Fin du game pour Bluetooth/WiFi, tout passe en 6G, ta fibre n’est plus qu’un élément de l’infrastructure qui te permet d’accéder au réseau (voire aux autres clients de la zone).
Tu souscris à un accès internet, le quota data disparait (car certainement trop galère d’exclure le D2D pour l’utilisation “locale” qui ne charge pas vraiment le réseau) mais tu souscris à des niveaux d’offres basés sur le nombre/types de devices que tu veux relier : on peut imaginer d’ici là qu’on sera largement à 10 minimum par foyer ou personne (ordi, smartphone, montre, TV, voiture…).
Le 23/04/2022 à 10h49
Merci moi aussi, j’ai 40 ans. Je parle de la logique « faire un truc energivore avant de savoir à quoi ça va servir ». Ça allait dans les années 2000 en tant que logique , je ne dis pas qu’on ne savait pas à quoi allait servir l’augmentation des débits à l’époque.

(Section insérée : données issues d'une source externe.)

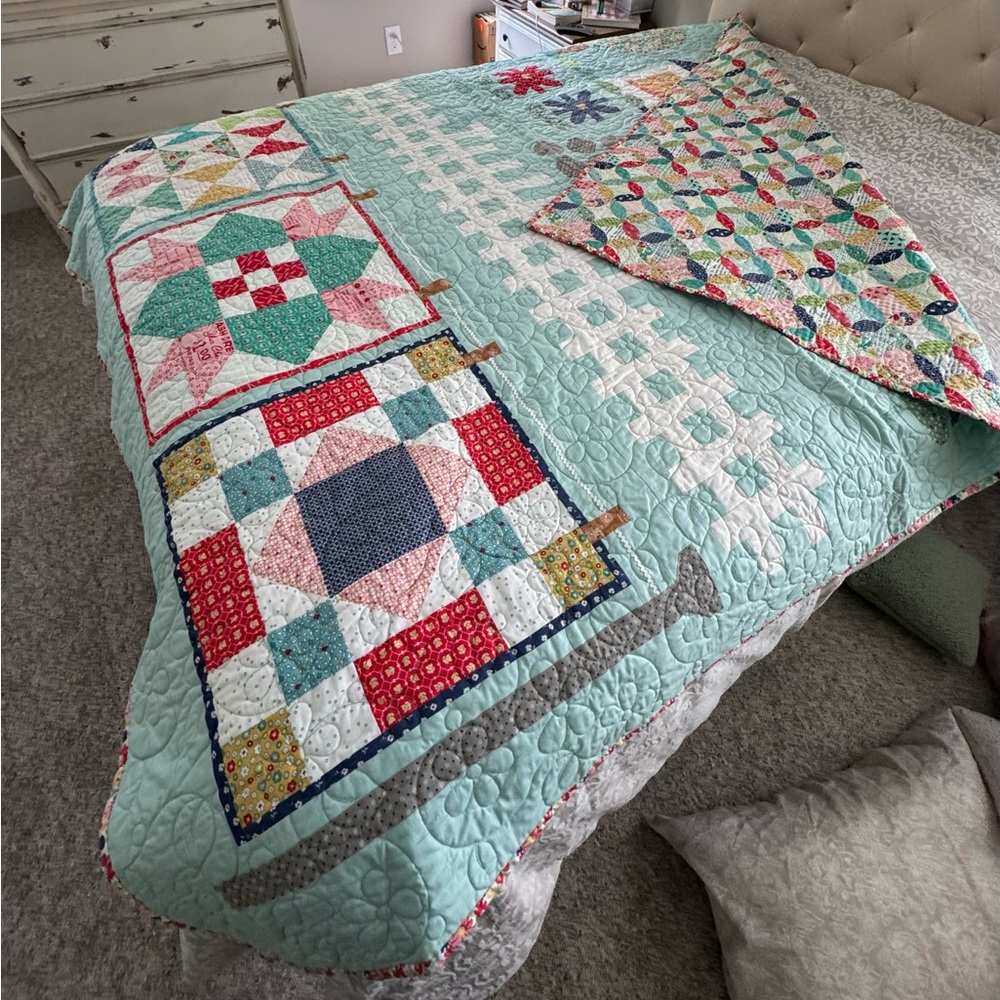 Homemade Aqua Blue Quilted Folk Art Quilt with Geometric Patterns - Picture 8 of 10
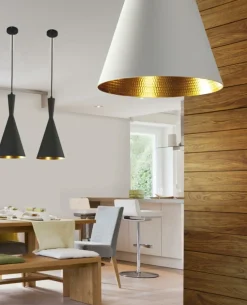 Best Lampa wisząca w kształcie stożka, biało-złoty zwis AZ1340 VITA | Kaja Żyrandole Nowoczesne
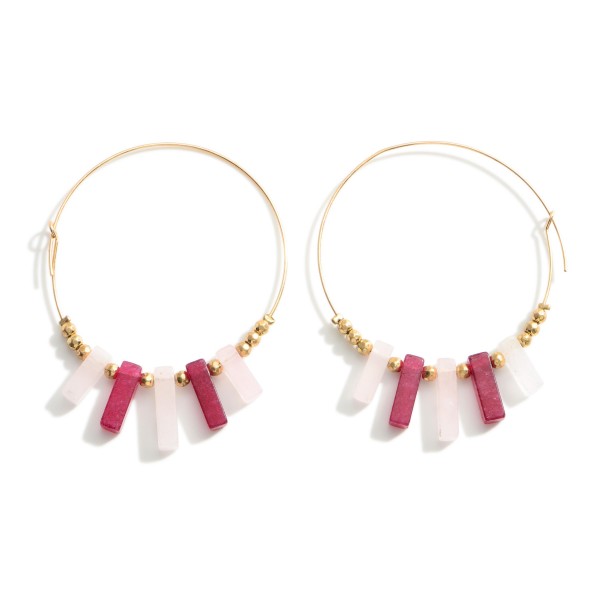 Wholesale gold Threader Earrings Natural Stone Accents Beaded Details Long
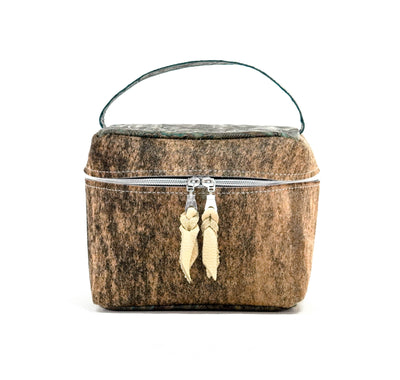 Caboose - Brindle w/ Turquoise Autumn-Caboose-Western-Cowhide-Bags-Handmade-Products-Gifts-Dancing Cactus Designs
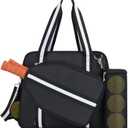 Pickleball Tote Bag for Women Men with Paddle Cover Pocket External Ball Bag and Adjustable Shoulder Strap Fence Hook (Black)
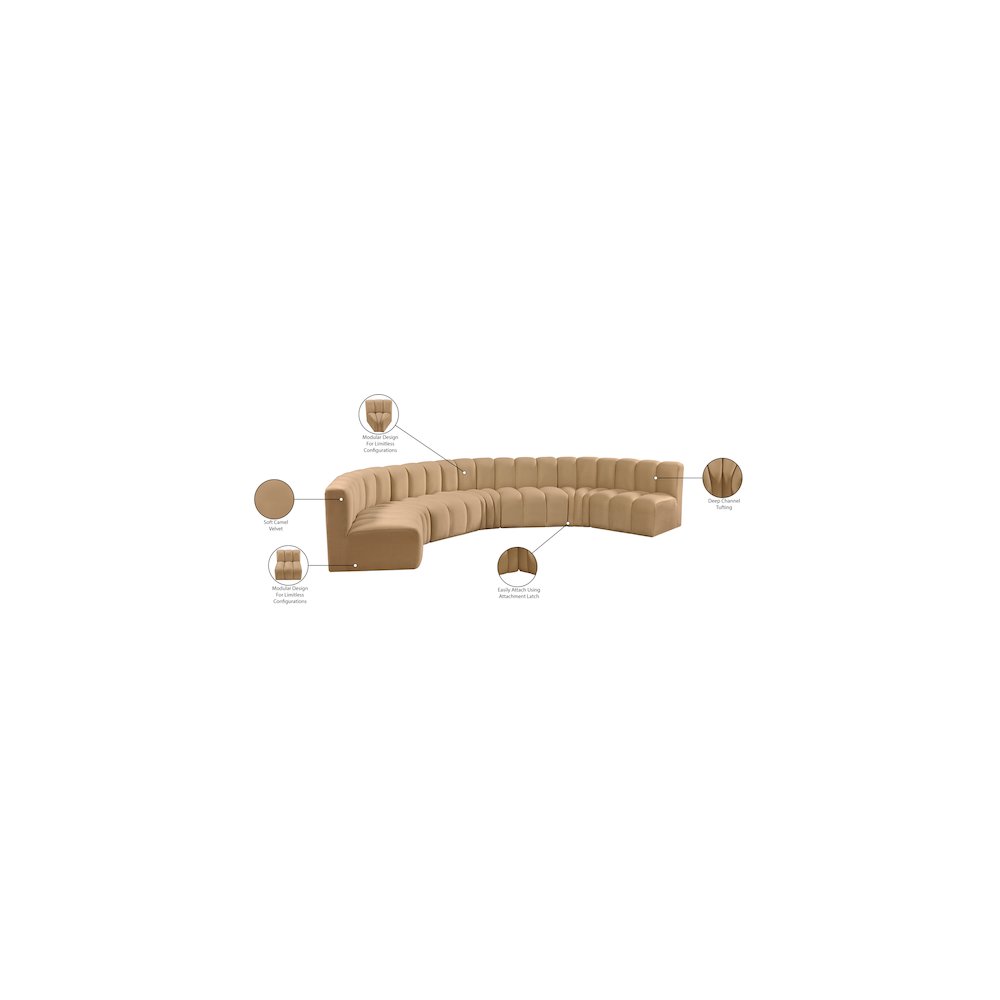 Arc Camel Velvet Modular Sofa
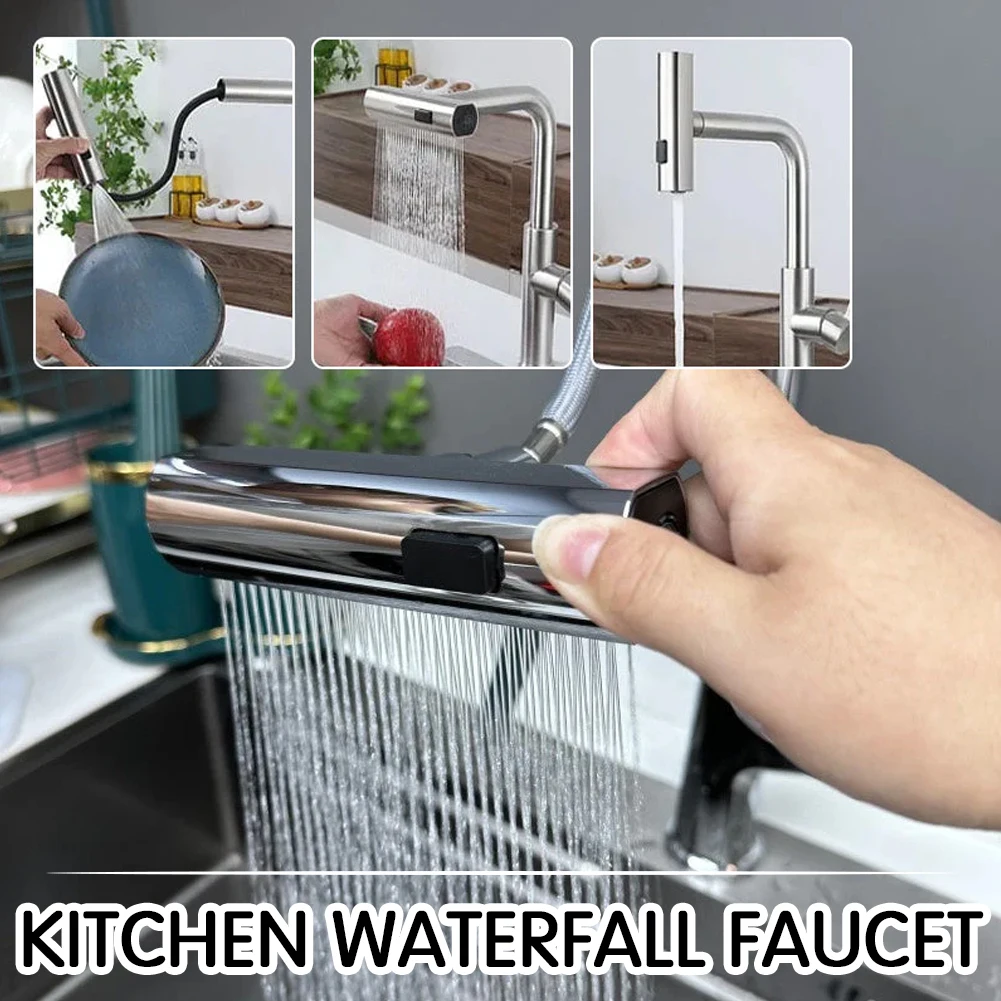 Waterfall Faucet 360° Swivel 3 Modes Kitchen Faucet 22mm Thread Anti-Splash Rotary Conversions Bubbler Booster Extension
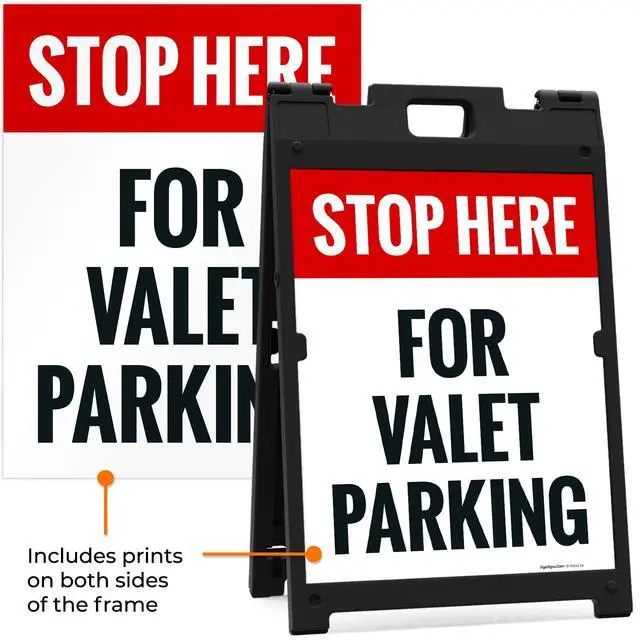 Alt view image 5 of 7 - Stop Here for Valet Parking Sidewalk Sign Kit, | 18x24 Inches, With A Frame Stand, Made in USA by
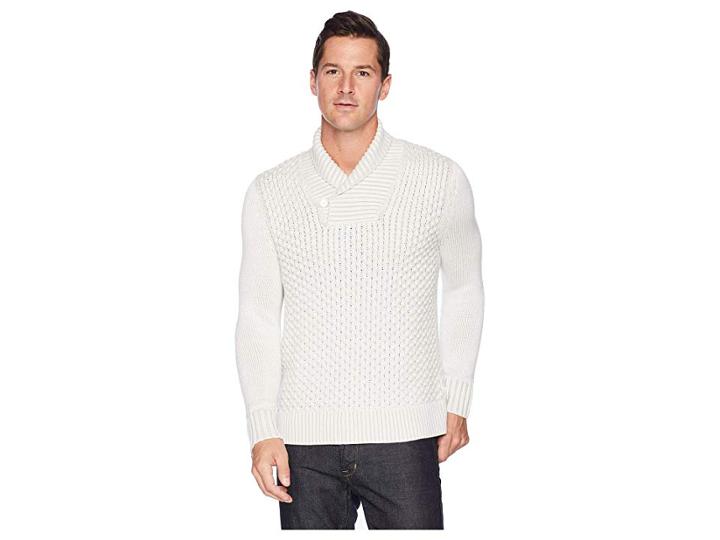 Calvin Klein Plaited Texture Shawl Neck Sweater (snow White Combo) Men's Sweater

Marrant que tu cites janco dans le même message alors qu’il est justement opposé à la 5G pour les mêmes raisons.
Le 25/04/2022 à 21h48
ça c’est le rêve des opérateurs né dans leurs projections 5G, mais il est clair que les utilisateurs ne veulent pas cette dépendance, et ils ont bien raison, du coup, il ne reste à la 5G que quelques améliorations ponctuelles en zone dense, mais globalement, elle n’apporte rien pour l’instant par rapport à LTE et en intérieur, un câblage ethernet avec un point d’accès wifi au bout vaudra toujours mieux que le wifi d’une box, qui disparaitra à terme, juste remplacé par une installation wifi mesh privée.
Le 25/04/2022 à 22h27
Oui, je connais son point de vue sur le sujet :-) .
Le 26/04/2022 à 18h05
Sauf qu’on sait très bien que c’est l’opérateur qui décide d’à peu près tout. Donc s’ils veulent forcer l’intégration de la 6G dans les boxes fixes, ils le feront via des dissuasions financières ou techniques.